Conclusions and future Perspectives

A constellation of findings from mouse studies and supporting patient observations clearly demonstrate that hepatic MMUT expression, even at very low levels and provided in small numbers of cells, can drastically influence the phenotype of MMA in mice and human patients. It should also be emphasized that expression of the Mmut enzyme in extrahepatic tissues can also mitigate the metabolic phenotype of MMA—this is proven most elegantly by the Mmut^−/−;TgINS-MCK-Mmut mice, where expression of the Mmut enzyme in only the skeletal and cardiac muscle can fully rescue the lethal effects that accompany whole body Mmut deficiency.

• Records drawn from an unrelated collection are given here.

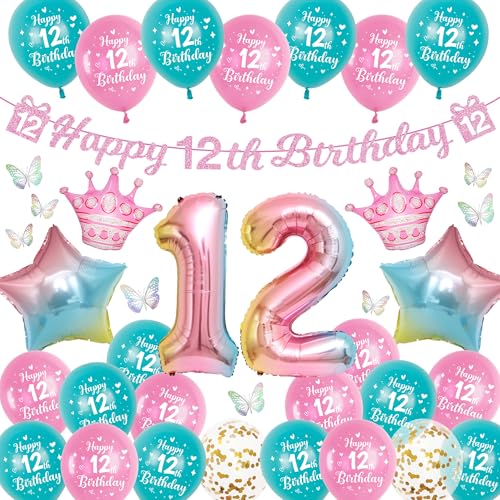 Luftballon Deko 12. Geburtstag für Mädchen - 40 Stück Rosa Geburtstagsdeko Set mit Happy Birthday Girlande, Bunte 3D Schmetterlinge und Zahlenballons für das 12 Jahre Kindergeburtstag Luftballon Deko 12. Geburtstag für Mädchen - 40 Stück Rosa Geburtstagsdeko Set mit Happy Birthday Girlande, Bunte 3D Schmetterlinge und Zahlenballons für das 12 Jahre Kindergeburtstag von Runyuzi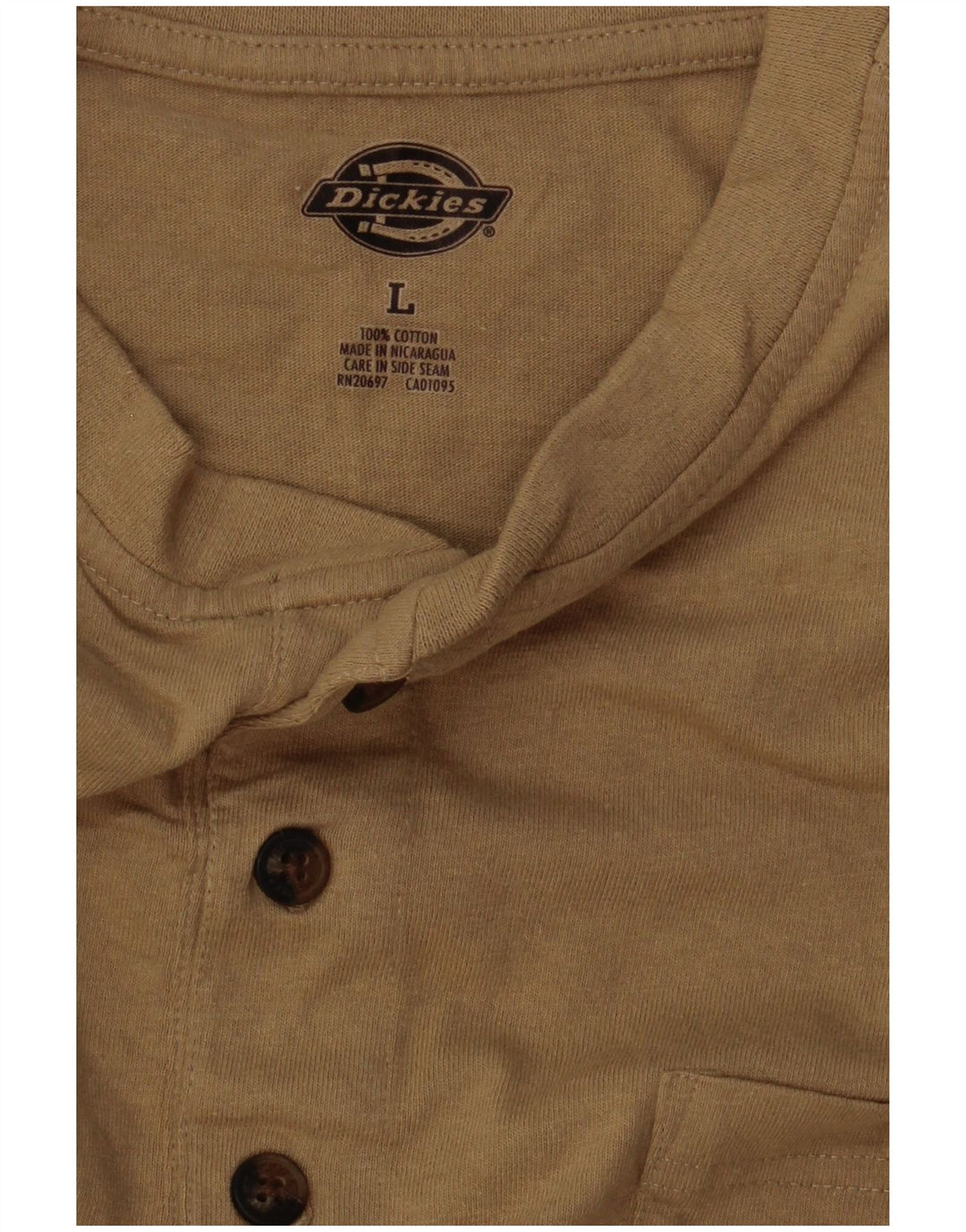 Dickies Mens T-Shirt Top Large Beige Cotton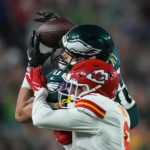 
              Philadelphia Eagles tight end Dallas Goedert (88) catches a pass as Kansas City Chiefs safety Bryan Cook (6) defends during the second half of the NFL Super Bowl 57 football game, Sunday, Feb. 12, 2023, in Glendale, Ariz. (AP Photo/Matt Slocum)
            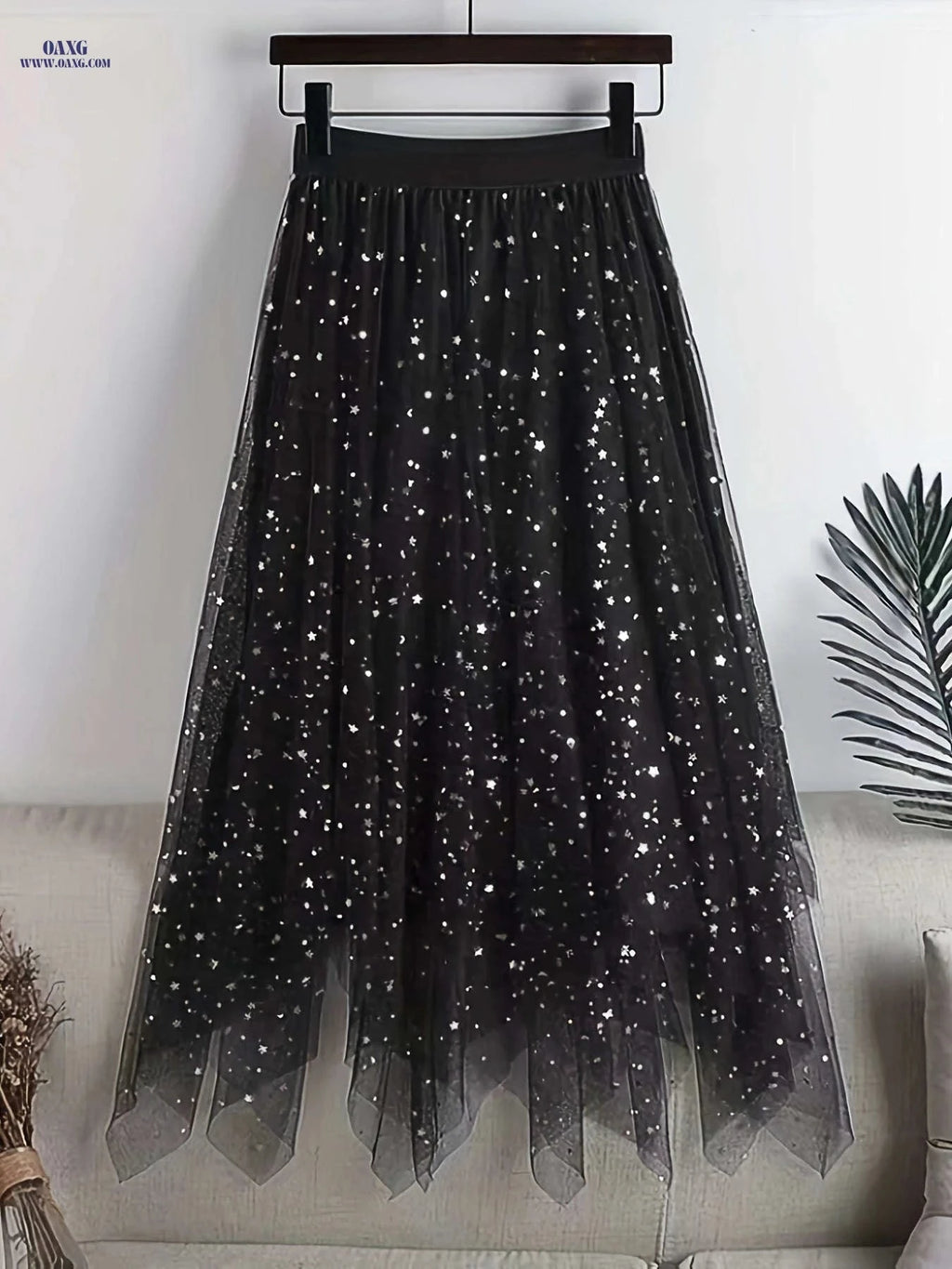 2023 Women's Sequin Midi Skirt - High-Waisted A-Line Design   OAXG Apricot / S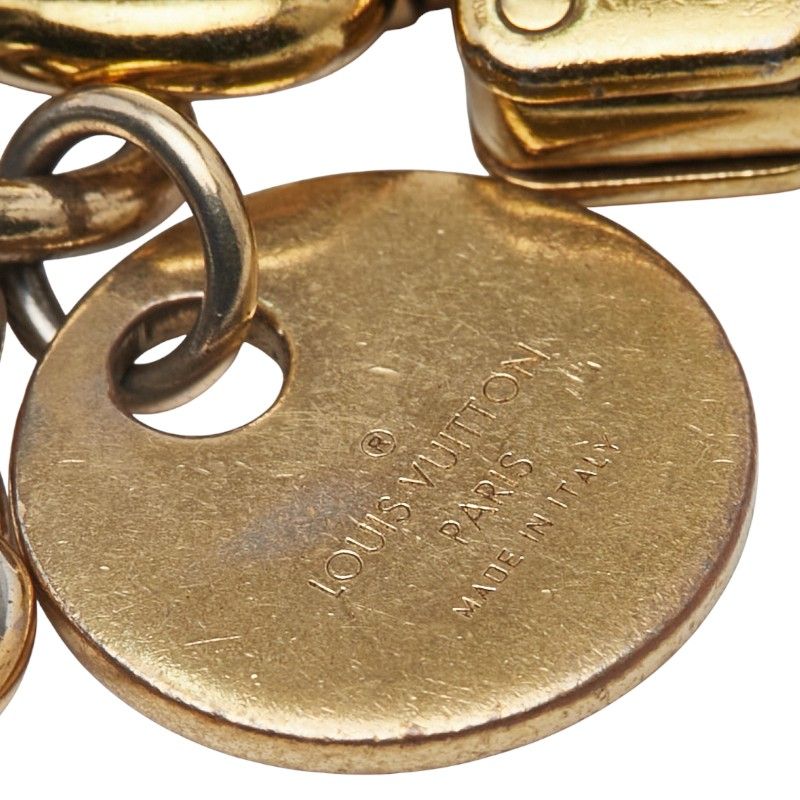 Louis Vuitton LV Circle Key Holder Back Charm M68000 Gold Plated Ladies Louis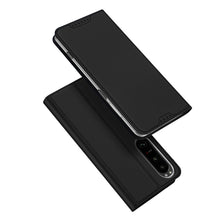 Заредете изображение във визуализатора на галерията – Dux Ducis Skin Pro Case for Sony Xperia 1 V Flip Card Wallet Stand Black
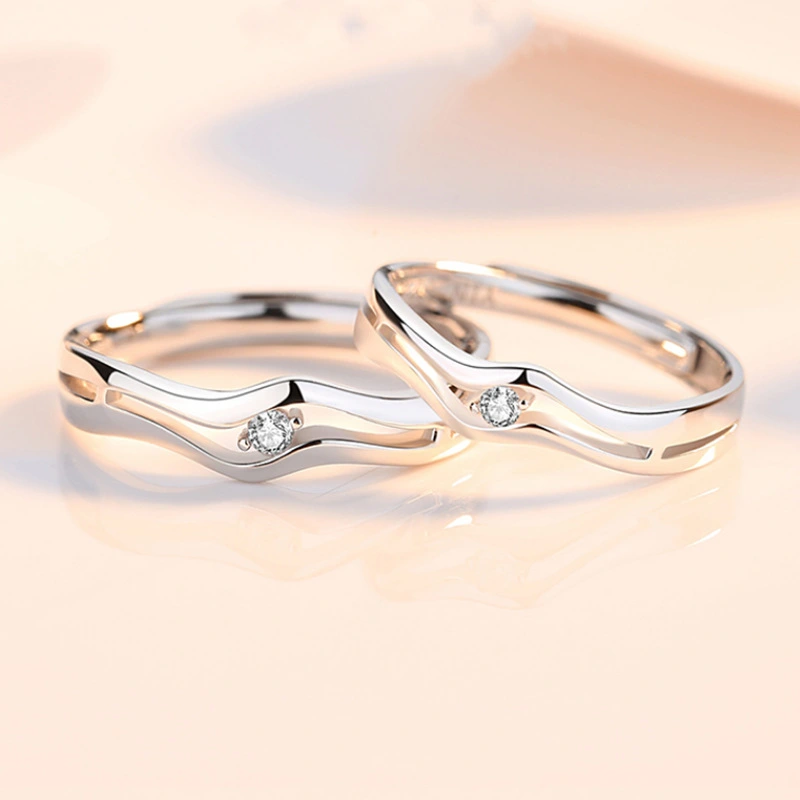 Flowing Love Couple Ring S925 Silver Pair Ring For Men And Women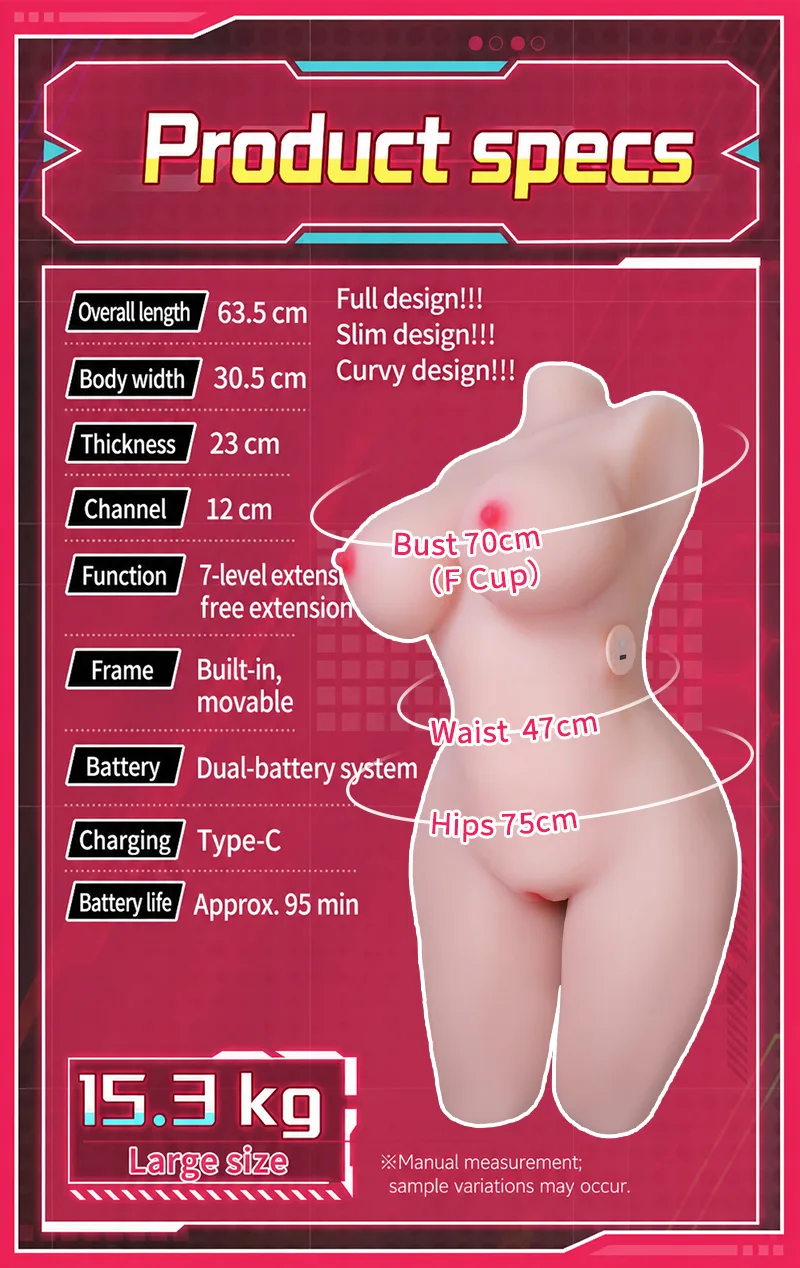 Rabbi-Chan Electric Telescopic Lower Torso Sex Doll 7 Modes Dual Motor Realistic TPE Body - detail image 13
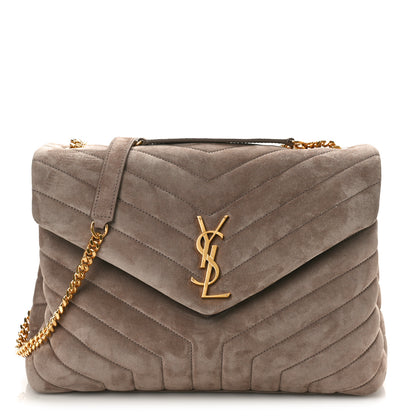 Saint Laurent Suede Y Quilted Monogram Medium Loulou Chain Satchel Taupe 1 of 8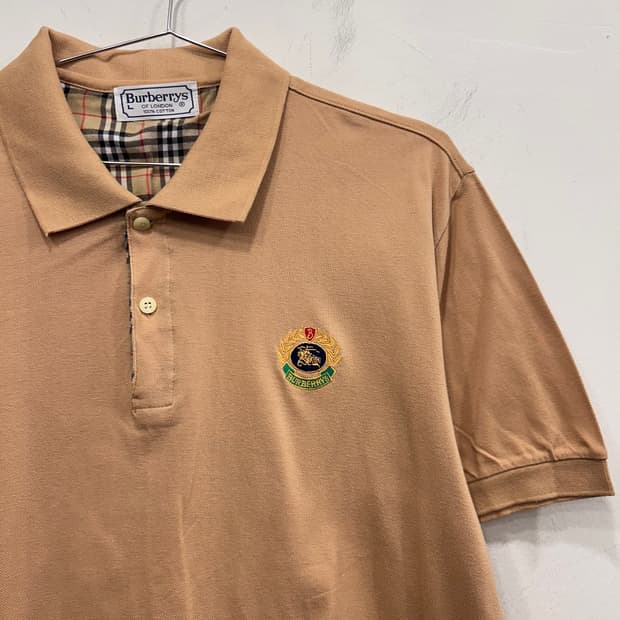 버버리 빈티지 자수로고 반팔 카라티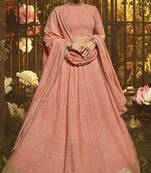 Peach gota, dori, thread, sequins embroidered georgette Semi Stitched Bridal Lehenga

The preclinical studies have also identified metabolic, peptide, and isotopic biomarkers that accompany the hepatic response to increased methylmalonyl-CoA mutase activity. These include small molecules and hormones that reliably decrease, such as methylmalonic acid and Fgf21, and whole body 1-¹³C propionate oxidation, which increases when hepatic mMUT activity is restored. Thus, it appears that a suite of new gene-based therapies and accompanying biomarkers are emerging for the treatment of MMA that will provide, for the first time, definitive therapies for this grave inborn error of metabolism.

Acknowledgments

R.J.C. and C.P.V. were supported by the Intramural Research Program of the National Human Genome Research Institute.

Author Disclosure

The NIH has filed patents on behalf R.J.C. and C.P.V.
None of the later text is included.